Standard and Poor's Rating Services said it has raised its estimates for loan losses for Spain's banking sector between 2009 and 2011 due to the faster depreciation of real estate assets on banks' books.
Bad loans were seen rising to 99.3 billion euros ($123 billion) over the period, up from an initial estimate for 81.6 billion, S&P said.
"It will come as no surprise that most of the (banks) loan losses are a result of their exposure to Spain's property sector given its sharp correction," the ratings agency said Monday.
Spain's banks, and particularly the 45 unlisted savings banks, invested heavily in the real estate sector during a decade-long boom and are now suffering the impact of the sector downturn.
Property prices have begun to stabilize after falling sharply from early 2008, though some estimates suggest banks have around 700,000 to 1 million properties still on their books.
Last week, the Bank of Spain said it was carrying out stress tests on all banks, savings banks and cooperatives and planned to publish the results on a bank-by-bank basis.
The savings banks are currently immersed in a whirlwind consolidation process aimed at recapitalizing weaker institutions and halving their numbers.
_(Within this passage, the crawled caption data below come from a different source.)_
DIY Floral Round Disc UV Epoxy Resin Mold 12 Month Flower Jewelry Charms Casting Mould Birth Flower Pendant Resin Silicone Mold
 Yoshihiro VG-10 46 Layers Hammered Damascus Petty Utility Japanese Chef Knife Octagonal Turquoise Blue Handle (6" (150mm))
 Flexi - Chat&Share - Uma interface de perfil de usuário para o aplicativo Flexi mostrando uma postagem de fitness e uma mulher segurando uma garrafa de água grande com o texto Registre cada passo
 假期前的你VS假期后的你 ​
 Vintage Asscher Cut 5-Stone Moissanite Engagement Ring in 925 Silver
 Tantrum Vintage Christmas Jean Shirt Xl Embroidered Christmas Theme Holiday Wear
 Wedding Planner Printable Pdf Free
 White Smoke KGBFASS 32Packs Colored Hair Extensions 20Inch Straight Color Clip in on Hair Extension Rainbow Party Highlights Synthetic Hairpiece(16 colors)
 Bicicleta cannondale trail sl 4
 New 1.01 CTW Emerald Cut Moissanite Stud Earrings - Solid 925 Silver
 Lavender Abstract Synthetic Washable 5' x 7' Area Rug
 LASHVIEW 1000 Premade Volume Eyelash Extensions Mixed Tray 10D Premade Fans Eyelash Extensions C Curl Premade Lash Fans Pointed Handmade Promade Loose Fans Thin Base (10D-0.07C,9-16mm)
The government has set up a fund to finance the sector restructuring which expires end-June.
As a result of the upward revision of estimates for loan losses and its view that there will be a tougher medium-term economic environment, S&P said it took ratings actions on seven Spanish banks whose business is mostly concentrated in Spain.
"Most of the outlooks are negative, reflecting the possibility that loan and operating performance may worsen more than we currently expect in a tough economic environment," S&P said.
The banks reviewed include the country's top two savings banks La Caixa and Caja Madrid, both involved in merger processes, and Basque savings bank Kutxa.
Listed retail bank Popular saw its negative outlook affirmed.